Applying a different raw.dnsmasq value fixes it , but only for a single RA:

anderson@anderson-ryzen9:~$ lxc network set lxdbr0 raw.dnsmasq="ra-param=lxdbr0,30"
anderson@anderson-ryzen9:~$ cat /var/snap/lxd/common/lxd/networks/lxdbr0/dnsmasq.raw
ra-param=lxdbr0,30

anderson@build-armbian:~$ ip addr show eth0
42: eth0@if43: <BROADCAST,MULTICAST,UP,LOWER_UP> mtu 1500 qdisc noqueue state UP group default qlen 1000
    link/ether 00:16:3e:fa:f9:5e brd ff:ff:ff:ff:ff:ff link-netnsid 0
    inet 10.11.12.199/24 brd 10.11.12.255 scope global dynamic eth0
       valid_lft 3082sec preferred_lft 3082sec
    inet6 fd42:c8f3:56ae:8db:216:3eff:fefa:f95e/64 scope global dynamic mngtmpaddr noprefixroute 
       valid_lft 3587sec preferred_lft 3587sec
    inet6 fe80::216:3eff:fefa:f95e/64 scope link 
       valid_lft forever preferred_lft forever

// wait a while...

anderson@build-armbian:~$ ip addr show eth0
42: eth0@if43: <BROADCAST,MULTICAST,UP,LOWER_UP> mtu 1500 qdisc noqueue state UP group default qlen 1000
    link/ether 00:16:3e:fa:f9:5e brd ff:ff:ff:ff:ff:ff link-netnsid 0
    inet 10.11.12.199/24 brd 10.11.12.255 scope global dynamic eth0
       valid_lft 2482sec preferred_lft 2482sec
    inet6 fd42:c8f3:56ae:8db:216:3eff:fefa:f95e/64 scope global dynamic mngtmpaddr noprefixroute 
       valid_lft 2987sec preferred_lft 2987sec
    inet6 fe80::216:3eff:fefa:f95e/64 scope link 
       valid_lft forever preferred_lft forever

So, still trying to figure out what action in particular gets it to refresh correctly and consistently.

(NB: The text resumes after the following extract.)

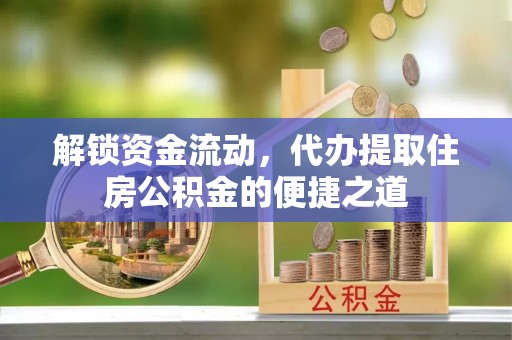 千山解锁资金流动，代办提取住房公积金的便捷之道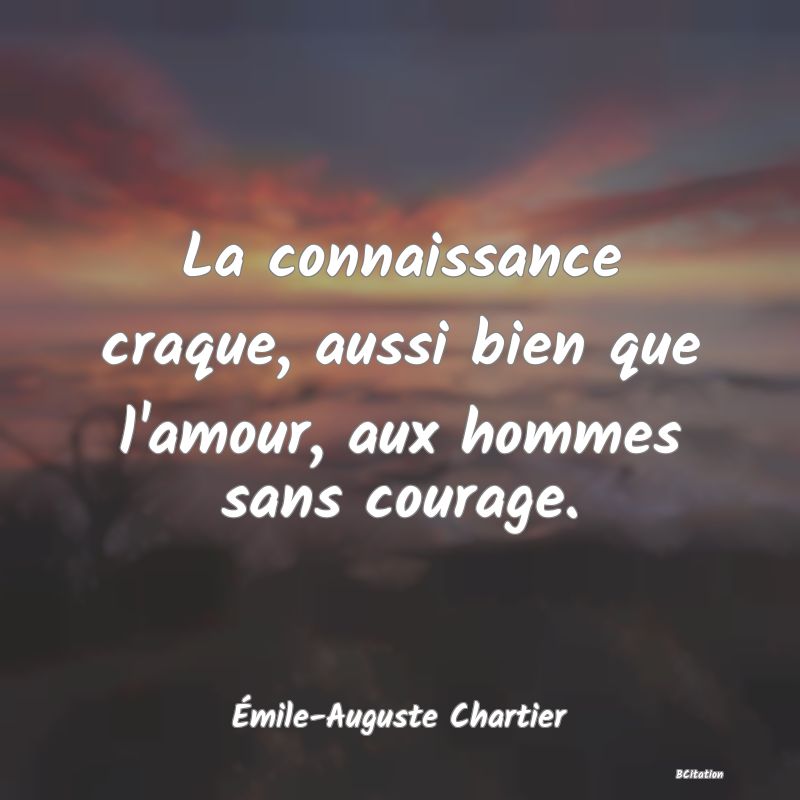 image de citation: La connaissance craque, aussi bien que l'amour, aux hommes sans courage.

tomp · August 12, 2021, 8:08am

You don’t happen to have something running inside that container that is also advertising IPv6 routes by any chance do you?

How about this:

Stop all containers.
Restart LXD so you get just the static IPv6 assigned and not the dynamic one on lxdbr0.
Wait for an RA from dnsmasq and check no dynamic assignments get added on lxdbr0.
Now launch a fresh container using images:ubuntu/focal and check A) that no dynamic IPs get added to lxdbr0, and B) that the dynamic address inside the new container gets refreshed.

If that all works then we can be more confident there is something unusual about your existing container.